If it were a library function (or when it becomes a library function?), it seems reasonable to re-evaluate this question. My guess is the best method would be, on a per-sensor basis, either to pass on the 85°C reading or to block it, as determined by the user. Given the restricted capability of the sketch (in relation to emoncms, that is) I think it’s much more reasonable to pass the problem upwards where it can be handled more intelligently.

Robert

OK, I’ve installed libraries and downloaded the .ino; I’ve got the arduino IDE running and opened the discrete_sampling .ino.

I’m connected to the serial port of the the emonTx which is reporting readings as I would expect.

I compile - it reports

In file included from C:\Users\Richard Palmer-Jones\Documents\Arduino\oem\emontx\emonTxV3_4_DiscreteSampling_rpj\emonTxV3_4_DiscreteSampling_rpj.ino:37:0:

C:\Users\Richard Palmer-Jones\Documents\Arduino\libraries\jeelib/RF69_compat.h:9:2: error: #error This file must be included BEFORE the “RF12.h” header file!

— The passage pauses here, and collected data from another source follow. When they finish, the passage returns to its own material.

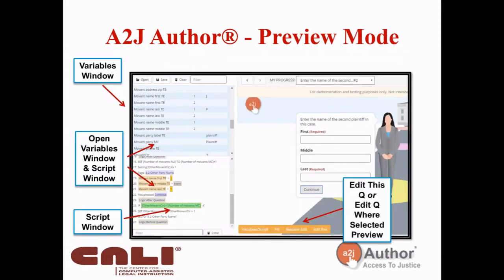Preview mode is where you should spend a large amount of time once you've completed your interview and are testing it. Preview mode is essentially the A to J viewer as the end user would see it, plus a variables and script window. Whenever I'm testing a guided interview, I always have this window open — you open it by clicking the variable/script button at the bottom. It shows all variables and what answers are held in the answer file, and the script window underneath gives you a step-by-step of what's happening: setting variables, moving to specific pages, answers given in real time, whether logic was true or false, and what happened as a result. This is not available once you move to testing on LHI.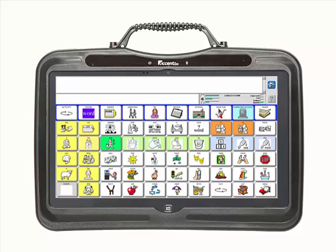In this video, you will learn how to enter and exit the toolbox on your Accent. It is important to know how to enter and exit the toolbox because this is where you go to make adjustments to the communication device.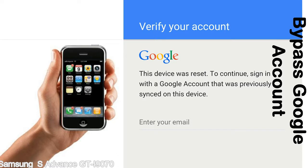Actually, this FRP lock is developed by Google, and we provide our FRP unlock solution for free. Today, we are providing the methods to unlock FRP lock phones. You can use this solution for almost all FRP lock devices.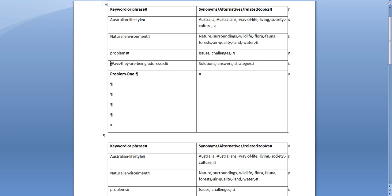And the same thing for the question talks about ways the problems are being addressed. That's quite a long and specific phrase and so you might substitute in your search strategy: solutions, answers, strategies and other terms that mean the same thing as ways they're being addressed.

#error This file must be included BEFORE the “RF12.h” header file!

Multiple libraries were found for “Ports.h”
Used: C:\Users\Richard Palmer-Jones\Documents\Arduino\libraries\jeelib
Not used: C:\Users\Richard Palmer-Jones\Documents\Arduino\libraries\RFu_jeelib
exit status 1
Error compiling for board Arduino/Genuino Uno.
I moved

#include <RF69.h>
#include <RF69_avr.h>
#include <RF69_compat.h>

before

#include <RF12.h>
#include <RF12sio.h>

but the same error. Help please.
When successfully compiled do I then “Upload UsingPogrammer”?

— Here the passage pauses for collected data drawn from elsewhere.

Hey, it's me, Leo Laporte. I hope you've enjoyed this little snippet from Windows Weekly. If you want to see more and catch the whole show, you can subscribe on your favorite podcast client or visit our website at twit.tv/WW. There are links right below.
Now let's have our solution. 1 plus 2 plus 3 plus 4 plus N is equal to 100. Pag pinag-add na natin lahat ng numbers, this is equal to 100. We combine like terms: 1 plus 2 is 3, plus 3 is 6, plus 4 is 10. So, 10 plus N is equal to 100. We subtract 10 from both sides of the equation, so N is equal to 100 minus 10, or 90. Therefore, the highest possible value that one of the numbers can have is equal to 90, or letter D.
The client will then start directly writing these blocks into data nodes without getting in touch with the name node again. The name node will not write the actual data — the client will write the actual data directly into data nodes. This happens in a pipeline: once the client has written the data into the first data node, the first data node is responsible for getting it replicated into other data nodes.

Edit - fixed formatting, deleted duplicate post - Moderator, BT

You should not need to edit the libraries

Just to confirm, are you using this sketch ? And this line is still set to “#define RF69_COMPAT 1”

What version of Arduino IDE are you using?

I suspect you’ve got some libraries in the wrong place, but you shouldn’t need to move anything in the sketch, as published it is known to compile correctly. Which Windoze version are you using, and have you got the structure of your libraries correct?

Sorry to come in very late, but could this be related to the RFM firmware / Jeelib changes that I had a problem with in the emonSD forum? V2.6 is “bad” and revertiung to V2.5 restores the connection - I also continued to see the emonTH input fine.

See emonSD-03May16 Release - #35 by peter

Actually, re-reading the original post this is exactly the same issue. Downgrade the emonbase/RFM firmware from 2.6 and you will be back.